Although it's one of Taiwan's largest cities, Kaohsiung tends to be underrated. This formidable port has towering pagodas and colourful temples, a thriving creative scene and lush green mountain views. After dark, night markets sizzle with the scent of street food. You can take a walk along the banks of the Love River, which winds serenely through the urban centre. Kaohsiung has excellent transport connections to other Taiwanese cities and it's the perfect jumping-off point to explore the island's southern tip.
Hostels in Kaohsiung are usually arty and design-led or chic and vintage. You can stay in a traditional Taiwanese-style house, a Japanese colonial building or boutique lodgings with an outdoor pool. The creative district has several hostels decorated with colourful murals. Some places offer free breakfast and most have free Wi-Fi. Look out for a Kaohsiung hostel with little luxuries like extra-large beds or a roof terrace with sunset views.
Downtown Kaohsiung takes in Qianjin and Xinxing Districts. This part of the city is a business hub and it's where locals go to spend their free time in gigantic night markets and neon-lit streets.

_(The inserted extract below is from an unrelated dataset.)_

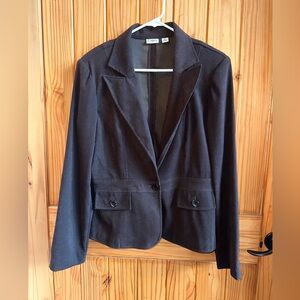 Cato Women's Chocolate Brown Blazer Jacket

Look out for city temples: Zuoying District has the Lotus Pond with its vibrant pagodas, while small Yancheng District has creative spaces and street art at the buzzy Pier-2 Art Centre. A popular day-trip destination for locals is Cijin Island, which has a lighthouse, the 17th-century Mazu temple and long stretches of beach.
The Dragon and Tiger Pagodas are iconic symbols of the city that you'll find at the Lotus Pond. The pagodas are entered through the gaping mouths of giant creatures. It's said that walking in through the dragon and out through the tiger will bring you luck. Another major attraction is the 85 Sky Tower. Before Taipei 101 was built this was the tallest building in Taiwan and it still commands sweeping views. For an authentic Taiwanese experience, explore Liuhe and Ruifeng night markets.
Kaohsiung International Airport is an easy 20-minute MRT (metro) ride from the city centre. High-speed trains take less than 2 hours from Taipei. Make the same journey by bus takes around 5 hours and lets you see Taiwan's forested hills and scenic landscapes. In Kaohsiung, an extensive MRT system and pedestrian-friendly streets make getting around simple. Taxis are metered and can be flagged down in most central areas.